**INSTRUCTIONS FOR THE TASK**
In the data below, locate the line containing "MR Guides Delivery" and the line containing "埃塞俄比亞陷戰亂 550萬人處於饑荒", then retype both and everything between them exactly. Pictures are not part of the copy.

**ENTRIES PROVIDED**

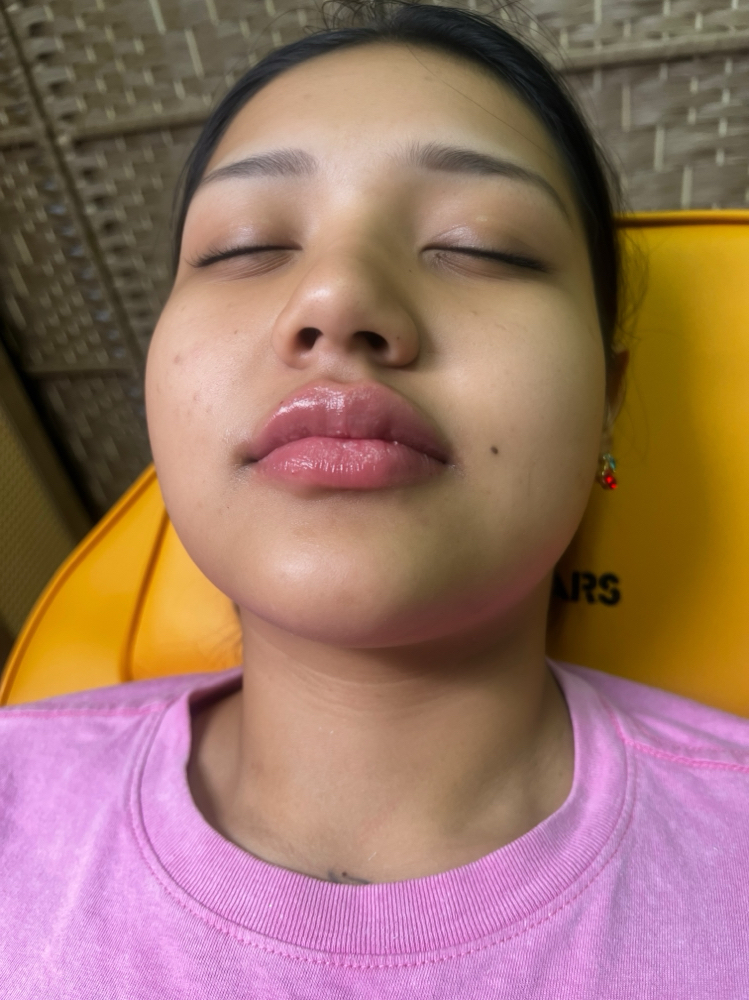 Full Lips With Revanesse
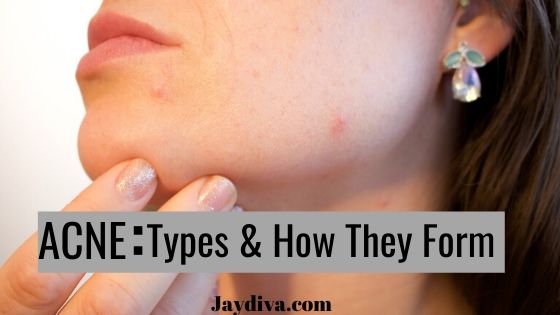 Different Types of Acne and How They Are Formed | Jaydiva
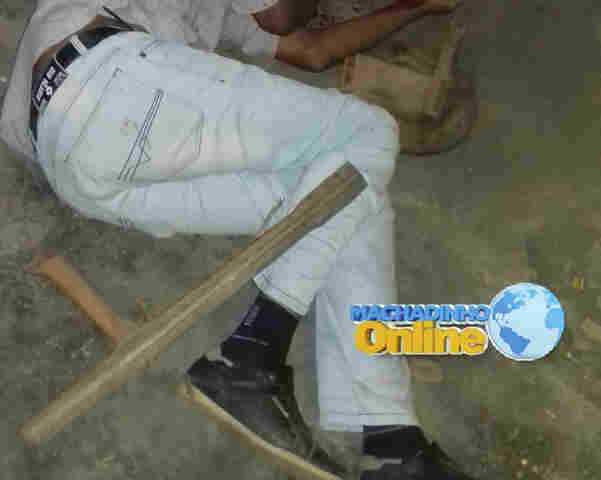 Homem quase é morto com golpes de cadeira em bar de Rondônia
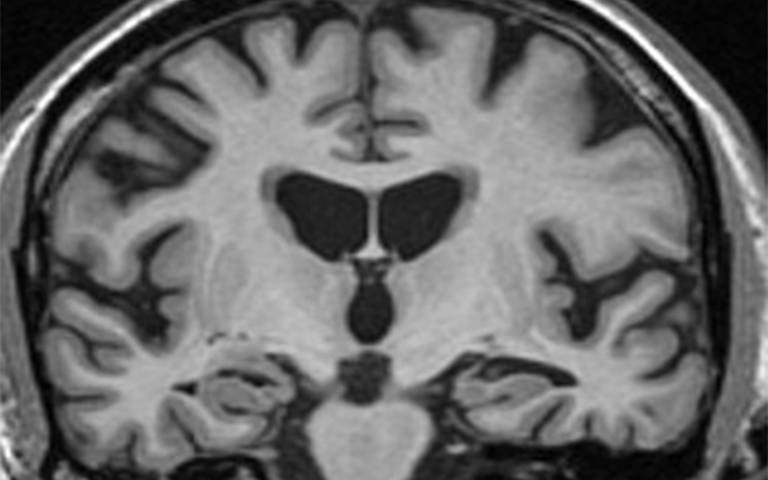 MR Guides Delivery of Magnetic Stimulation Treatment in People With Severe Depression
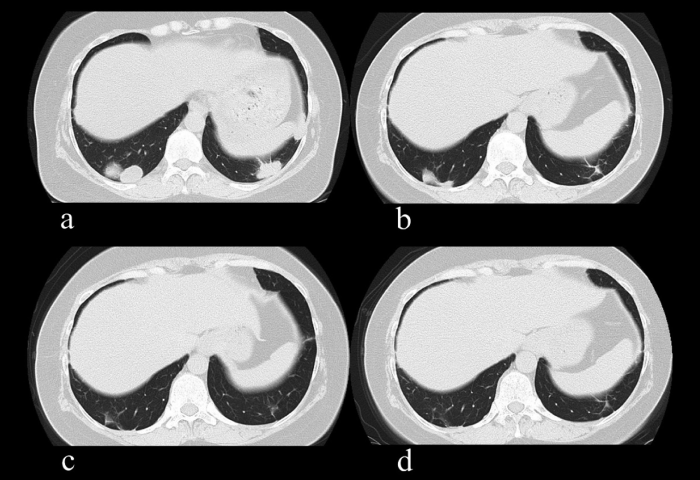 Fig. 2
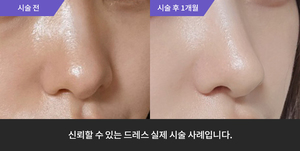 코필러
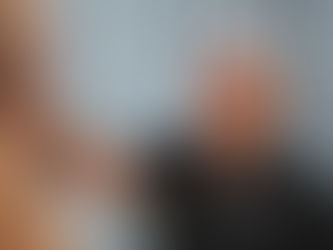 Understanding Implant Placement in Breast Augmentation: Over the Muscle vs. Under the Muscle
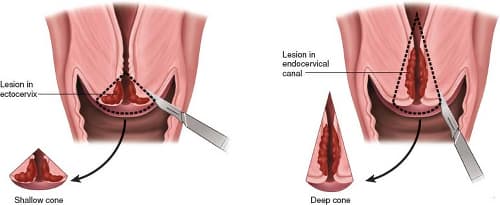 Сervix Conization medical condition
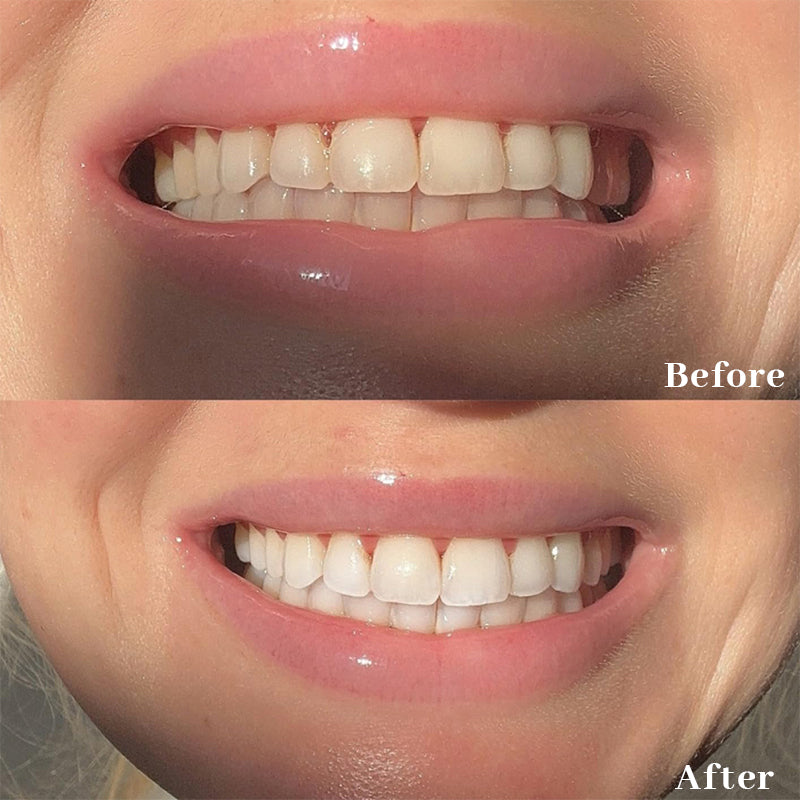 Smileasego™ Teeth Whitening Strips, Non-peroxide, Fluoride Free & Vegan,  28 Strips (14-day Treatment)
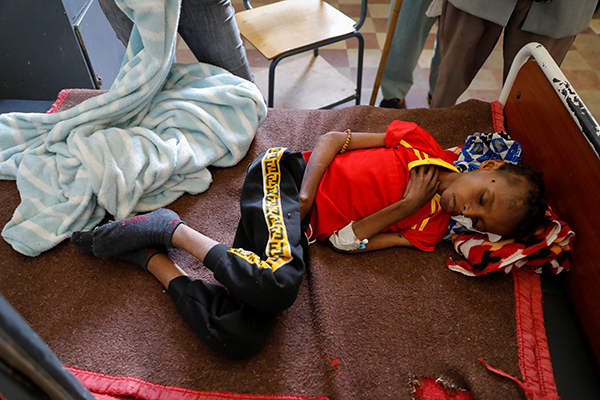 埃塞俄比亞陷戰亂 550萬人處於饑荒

--

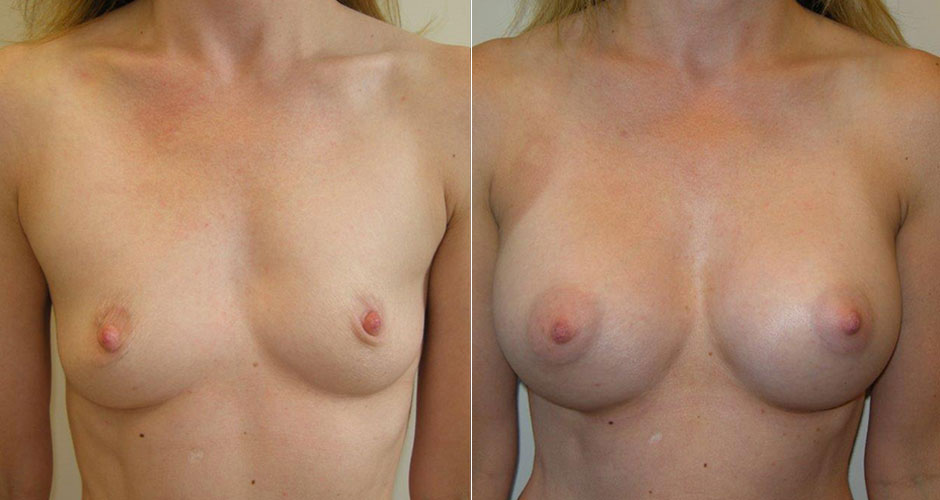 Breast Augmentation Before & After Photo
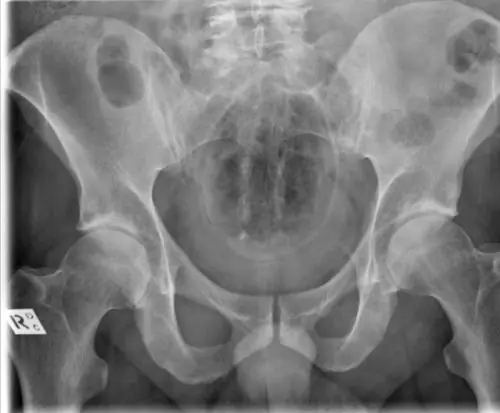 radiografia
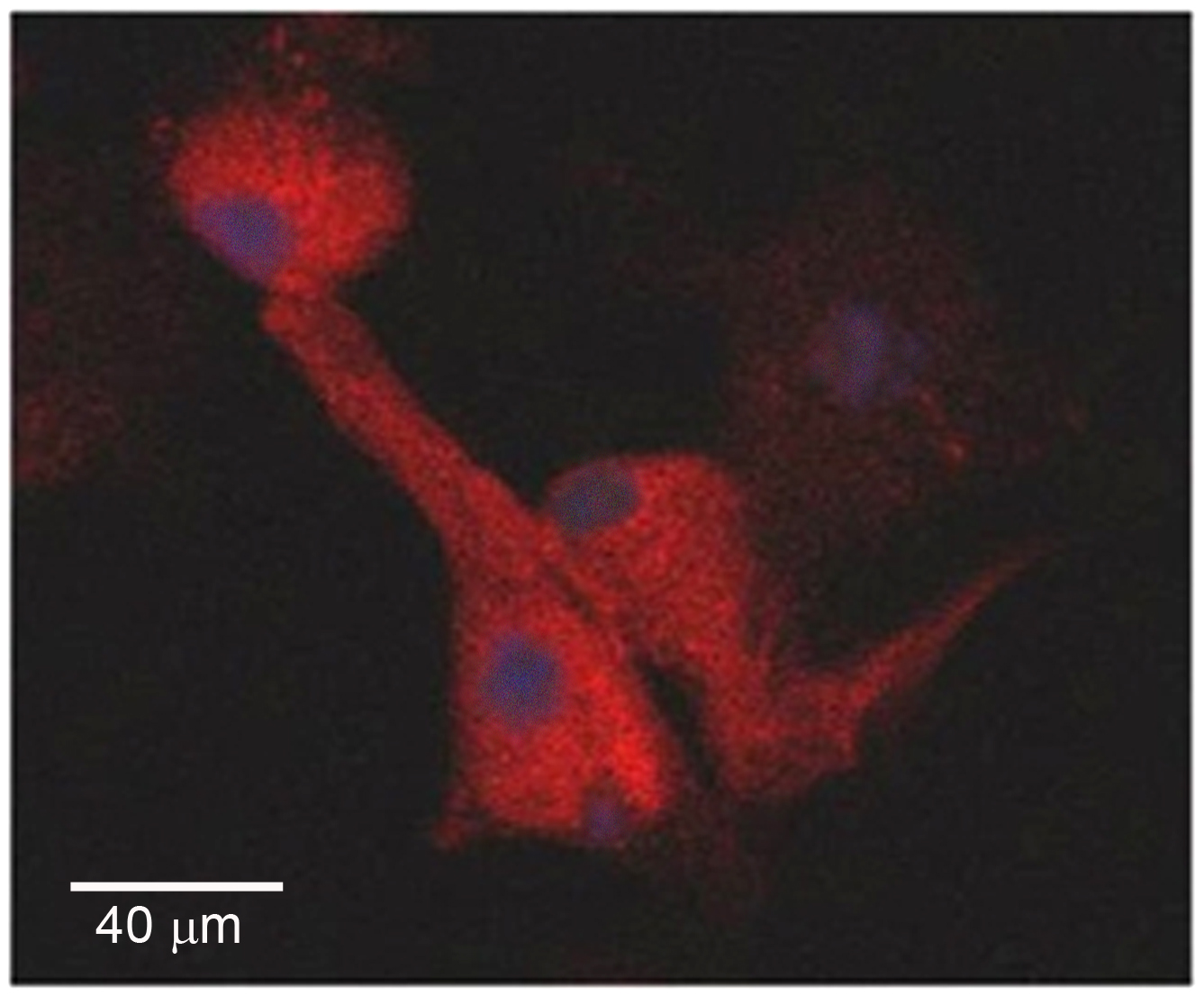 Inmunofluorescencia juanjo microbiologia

**COMPLETED TASK**
 MR Guides Delivery of Magnetic Stimulation Treatment in People With Severe Depression
 Fig. 2
 코필러
 Understanding Implant Placement in Breast Augmentation: Over the Muscle vs. Under the Muscle
 Сervix Conization medical condition
 Smileasego™ Teeth Whitening Strips, Non-peroxide, Fluoride Free & Vegan,  28 Strips (14-day Treatment)
 埃塞俄比亞陷戰亂 550萬人處於饑荒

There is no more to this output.